Why We Do It (@MDRS)

An excellent report by Clément Plagne, journalist for Crew 223 (Supaero II) currently stationed at the Mars Society’s Mars Desert Research Station in Utah, explaining why he and his team participate in the MDRS analog program.

If you’re reading this, it probably means that you’re either a family member or friend of ours, interested in science and the exploration of Mars or both. From your point of view, being out in the desert and being like astronauts for some time is fascinating or at least intriguing. There’s this funny bubble of odd people, who see the prospect of near-total isolation from the outside world as something to envy or to try out yourself. They read about the golden age of superhero astronauts and look with admiration to the people shooting themselves upwards to live in the literal middle of nowhere, six at most in a metal tube zipping through the vacuum of space.

I have no doubt that every member of our crew is in that bubble. But, as it turns out, most of the world lives outside of it. It’d be stupid to imagine ourselves as more adventurous or curious than them – and I like to imagine we’re no less normal than the rest. They simply don’t see the point, and it’s not unreasonable. They ask: how will you live away from everyone you love? Why would you live without showering for weeks? Why are you doing this?

From inside the bubble, it’s easy to dismiss those questions; they simply don’t get it. But they often do, and they make a great point. Everyone here misses loved ones. We miss being clean, we miss walking outside without 10 kilograms weighing on us, we miss eating whatever we want, we miss knowing the news, we miss watching any movie or reading any book we want. Some people say that a stay at MDRS is just a two-week vacation, a relaxing time away from everything, and they sure are wrong. But those who think that it’s the opportunity of two weeks of acting like cool astronauts are missing the point too.
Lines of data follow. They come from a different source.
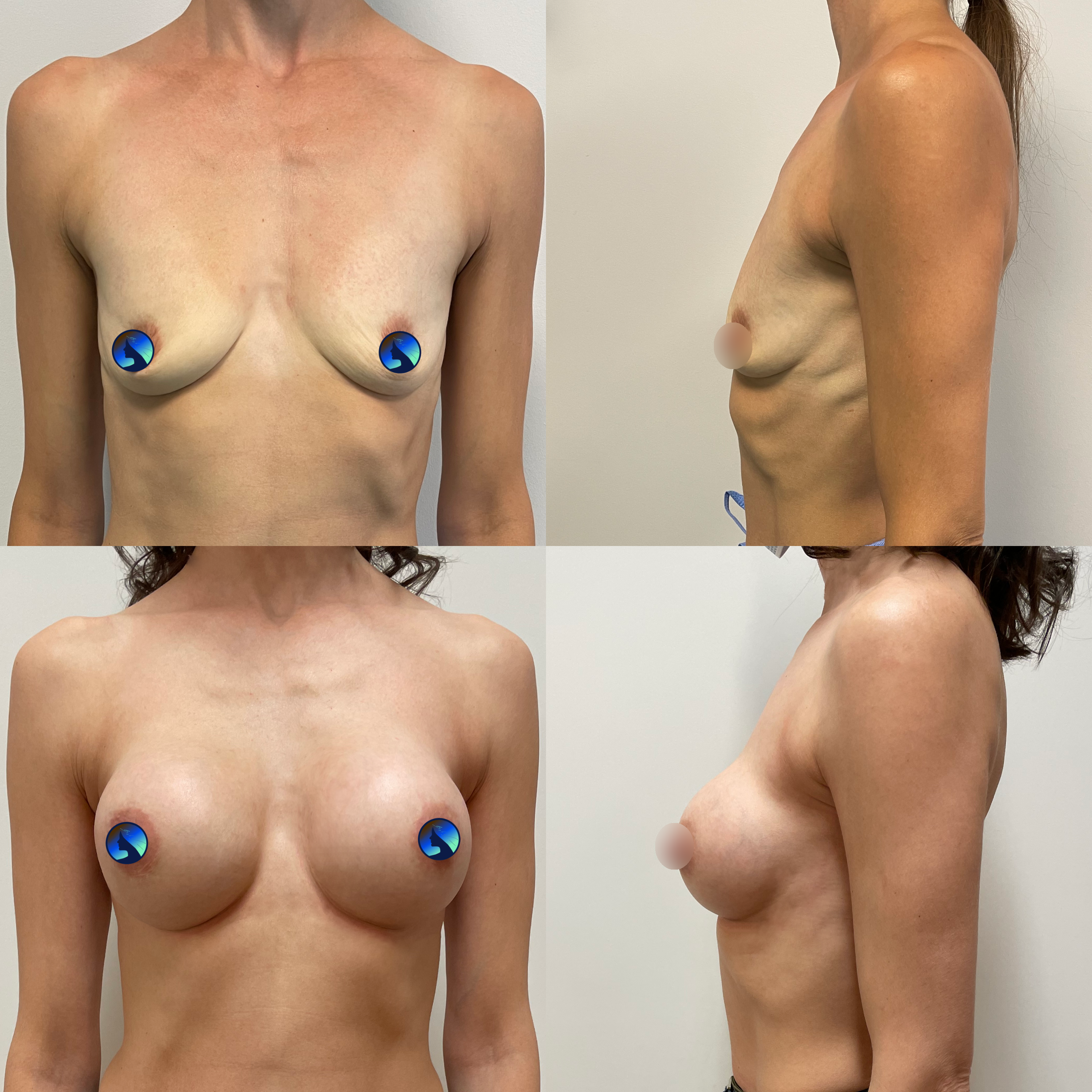 Amazing endoscopic breast augmentation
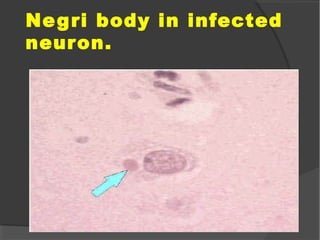 Negri body in infected
neuron.
 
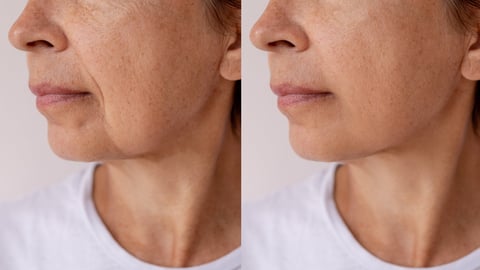 Antes e depois do rosto de Luciana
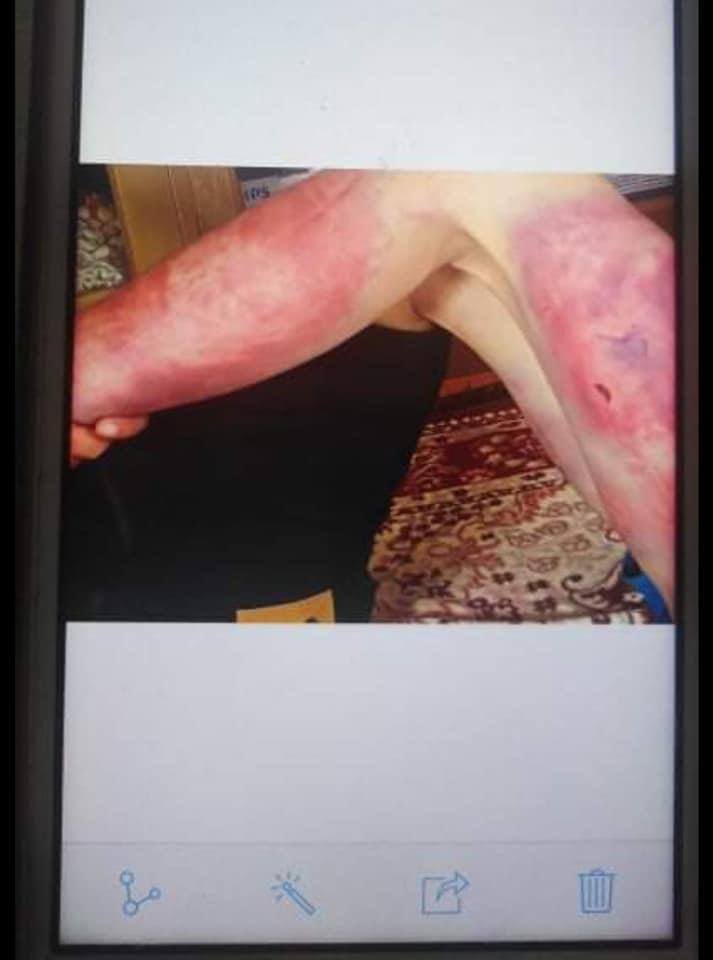 Haruonchill's tweet photo. On the night of Aug8, Junta Terrorists unlawfully ABDUCTED a civilian from PyiTawThar Ward in #TaungGyi city on alleged accusations of PDF member. The abductee was released on Aug9 but was brutally TORTURED in detention resulting in bruises. 
#Aug11Coup 
#WhatsHappeningInMyanmar https://t.co/pUJFvmc2pX
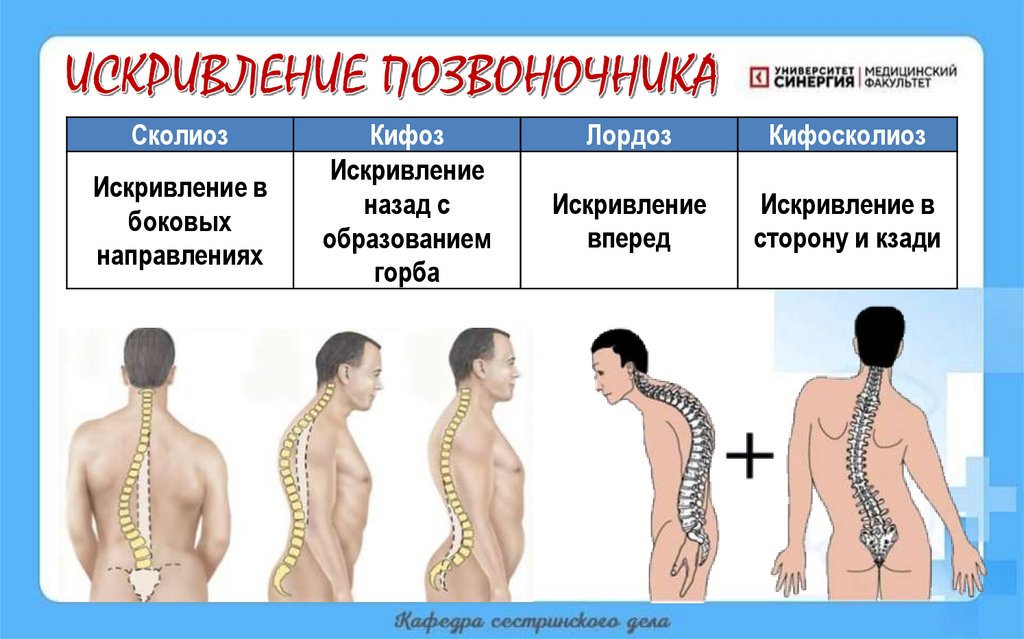 ИСКРИВЛЕНИЕ ПОЗВОНОЧНИКА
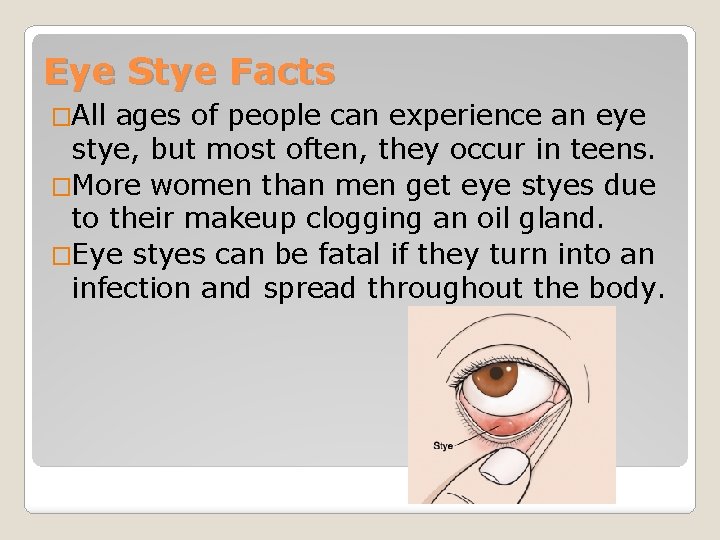 Eye Stye Facts �All ages of people can experience an eye stye, but most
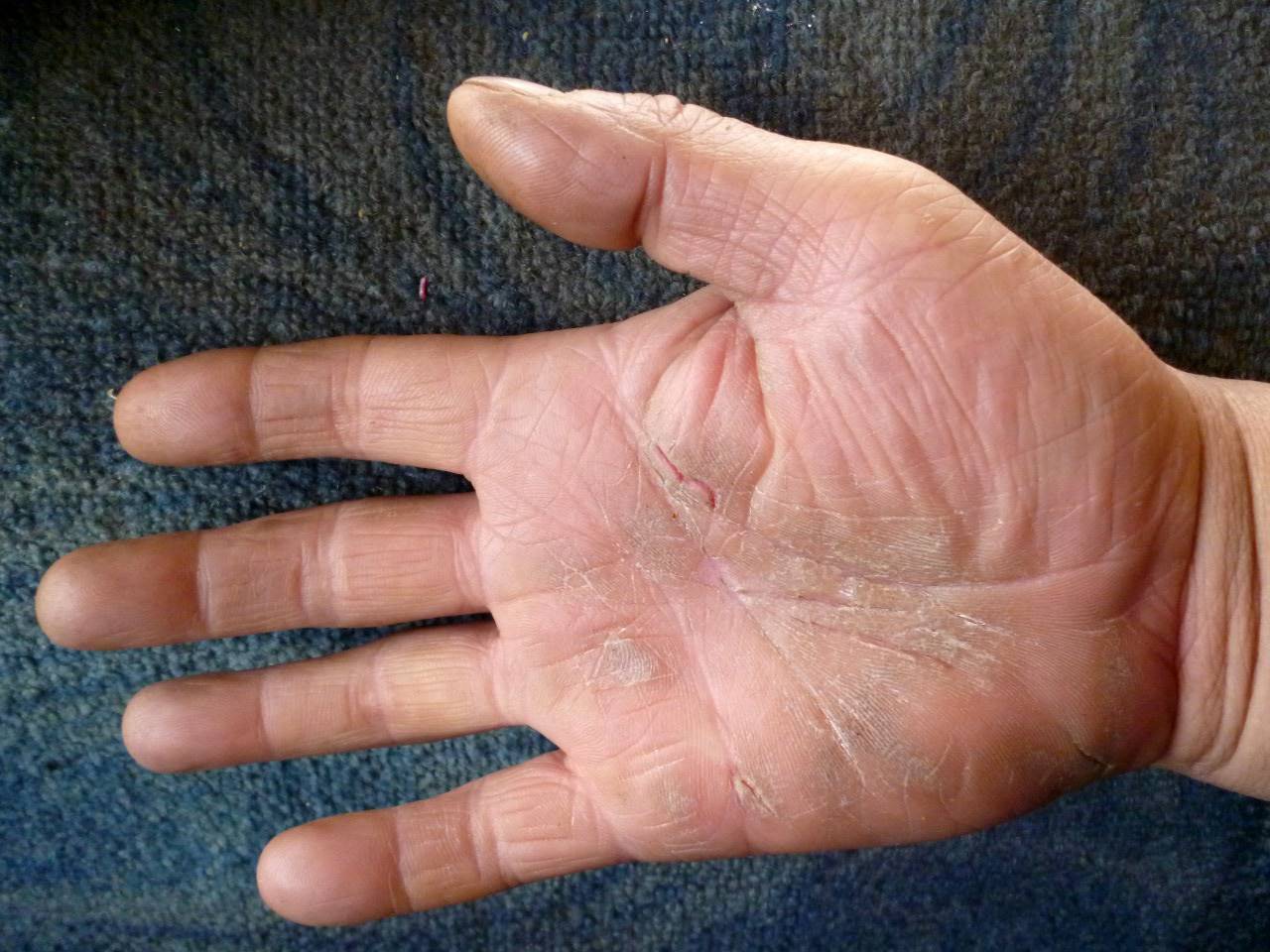 Как устранить трещины на пальцах рук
Yes, there’s the honeymoon period, where everything is brand new and exciting, and you don’t think you can get enough of it. Every day has its unexpected moments of fun and of learning. But the routine sets in fast too. Your hair gets greasy, the spacesuits begin to hurt a little, the experiments don’t work that well, and you can’t get new material in anyway. You remember the time where you could leave work at 5 and sit in a park, breathing the fresh air like everyone else. The distinction between work and daily life gets blurry. Things get boring, and that’s the point. So, yes, why are we doing this?
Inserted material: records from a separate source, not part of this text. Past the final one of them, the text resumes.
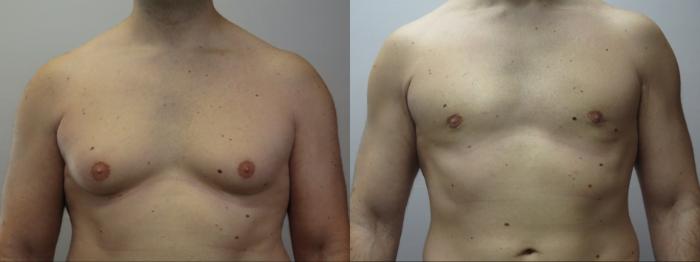 Gynecomastia Surgery Case 1644 Before & After Front | Paramus, New Jersey | Parker Center for Plastic Surgery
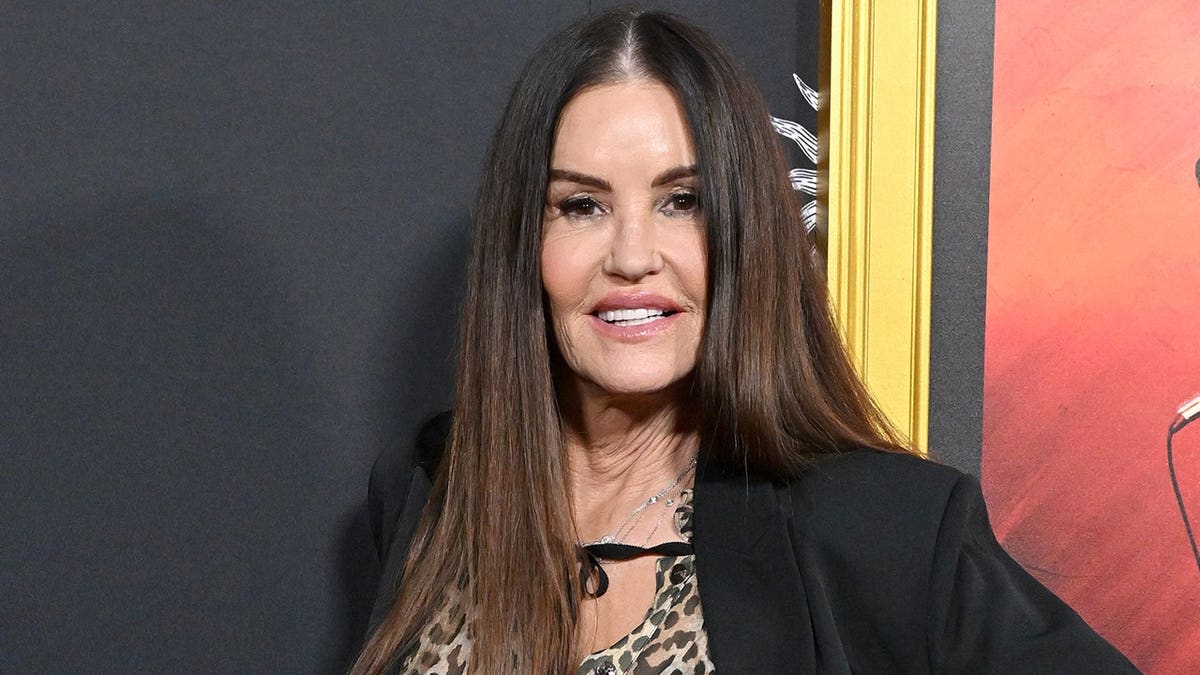 Janice Dickinson’s New Look after Facial Rejuvenation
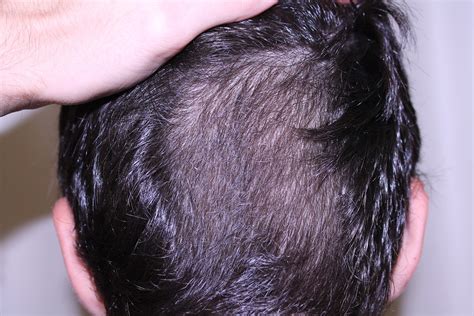 dermatologo valencia se me cae el pelo tratamientos para la caída de cabello ¿por qué me cae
It’s funny how, after writing so negatively, I still have no regrets about being here. I don’t think anyone in the crew does either, and I’d be sad to imagine people leaving the MDRS wishing they’d done something else. No, it’s not that glam. If any one of us ever walks on Mars, it probably won’t be with the grandeur of the giant leap for mankind, but as one of many starting a colony out there. We don’t do it because it’s cool, no, and certainly not for the fun (though we do have a lot of it).  It’s work, and that’s all there is. And that’s fine. Everyone needs to work. We all sacrifice a bit of our comfort to give it to others, and the world moves onward a little. Nearly everybody doesn’t even have the privilege of wondering why they’re doing their job, and there are very, very few jobs that don’t get boring or tiring.

I like to think every person is a dreamer. Our dream is to work so that, someday, humanity will flourish somewhere else, away from its cradle. It’s no more or less valid than any other. Here, we have the chance of working towards that dream. There are sacrifices, but few are those who get to try and turn their dream into reality. We’re alone, yes. We’re dirty, yes. But we’re lucky.